Schermbeck: Komp trotzt der Krise und stellt ein
VON BERNFRIED PAUS - zuletzt aktualisiert: 12.03.2009Schermbeck (RPO). Die Mehrhooger Frischemärkte GmbH setzt ihren erfolgreichen Wachstumskurs fort. Vom Personalbedarf profitieren auch arbeitslose Menschen, die in einem für den Arbeitsmarkt kritischen Alter sind. Zwei Positiv-Beispiele: Petra Hanzen (45) und Michael Benteler (51).
Wenn's den Unternehmen gut geht, haben auch die Beschäftigten was davon. Der Satz Lebenserfahrung will zu dieser krisenhaften Zeit nicht so recht passen. Doch er stimmt. Der Komp Frischmärkte GmbH in Mehrhoog geht es gut. Verdammt gut sogar. Das hat jetzt zwei arbeitslosen Menschen einen Job beschert, obwohl sie in einem für den Arbeitsmarkt kritischen Alter sind. Petra Hanzen (45) aus Flüren, alleinerziehende Mutter eines Sohnes, ist seit Jahresbeginn verantwortlich für die Molkerei-Produkt-Palette im Kühlregal des Stamm-Marktes in Mehrhoog. Seit November ist Michael Benteler (51) aus Hünxe Marktleiter im boomenden Komp-Markt in Lackhausen. Für Dr.

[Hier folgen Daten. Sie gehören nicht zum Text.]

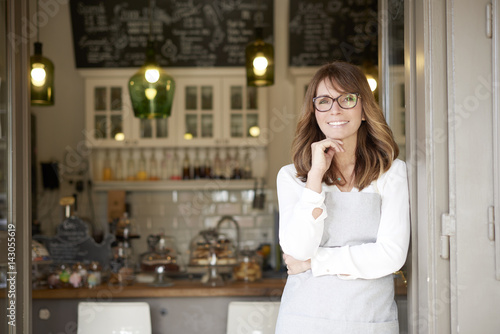 Fotomural Proud small coffee shop owner businesswoman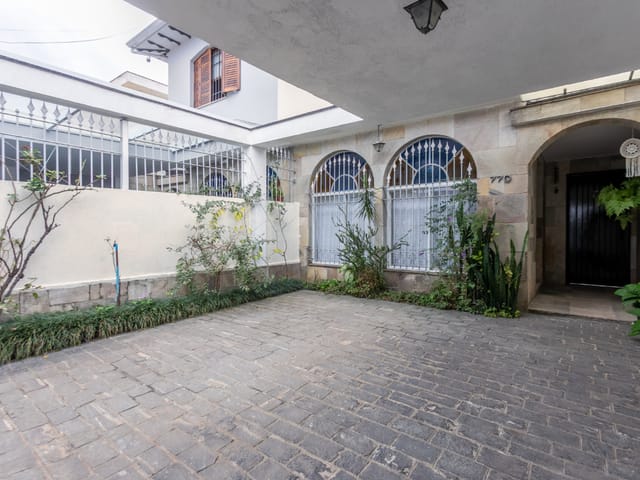 Foto do Casa - Casa para venda em Parque Jabaquara com 4 quartos, sendo 2 suítes , 200m² | Correteria Imóveis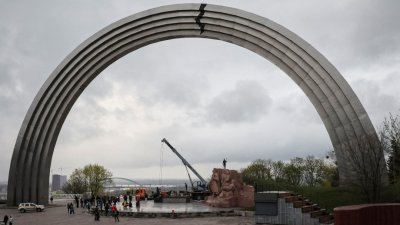 俄罗斯入侵乌克兰后，一座苏联时代的乌克兰和俄罗斯国家友谊纪念碑上月26日在基辅市中心被拆除。（图取自路透社档案照）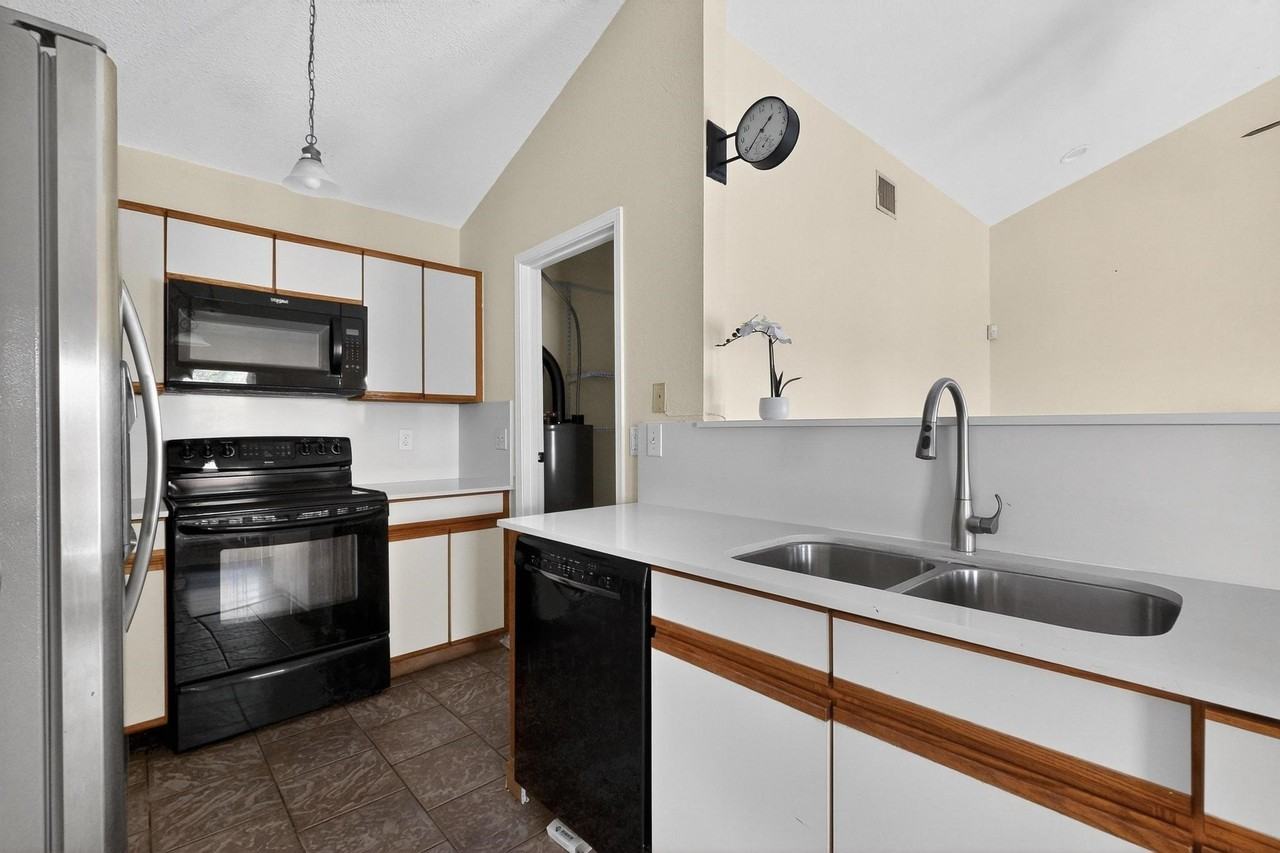 936 Sugarberry Dr - Photo 4 of 17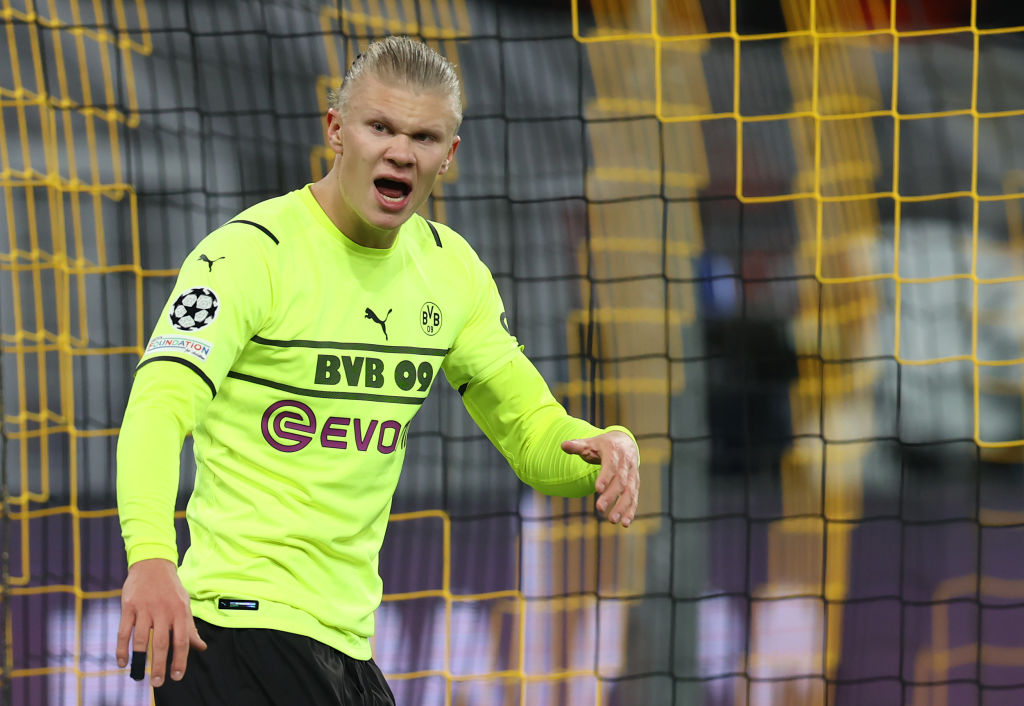 FourFourTwo tweet media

Peter Glück, Leiter der Arbeitsagentur für Arbeit in Wesel, zwei Positiv-Beispiele in schwierigen Arbeitsmarktzeiten, wie er mit Blick auf die "Gute Nachricht" in der RP gestern sagte.
Klein angefangen
Klaus Komp hat 1950 in Mehrhoog auf 12 Quadratmetern an der Bahnhofstraße 106 den Grundstein fürs Unternehmen gelegt, das heute 200 Menschen an drei modernen Edeka-Standorten beschäftigt.
Stärkster Markt ist inzwischen der in Lackhausen, wo sich eine Hundertschaft sehr erfolgreich um Kunden bemüht.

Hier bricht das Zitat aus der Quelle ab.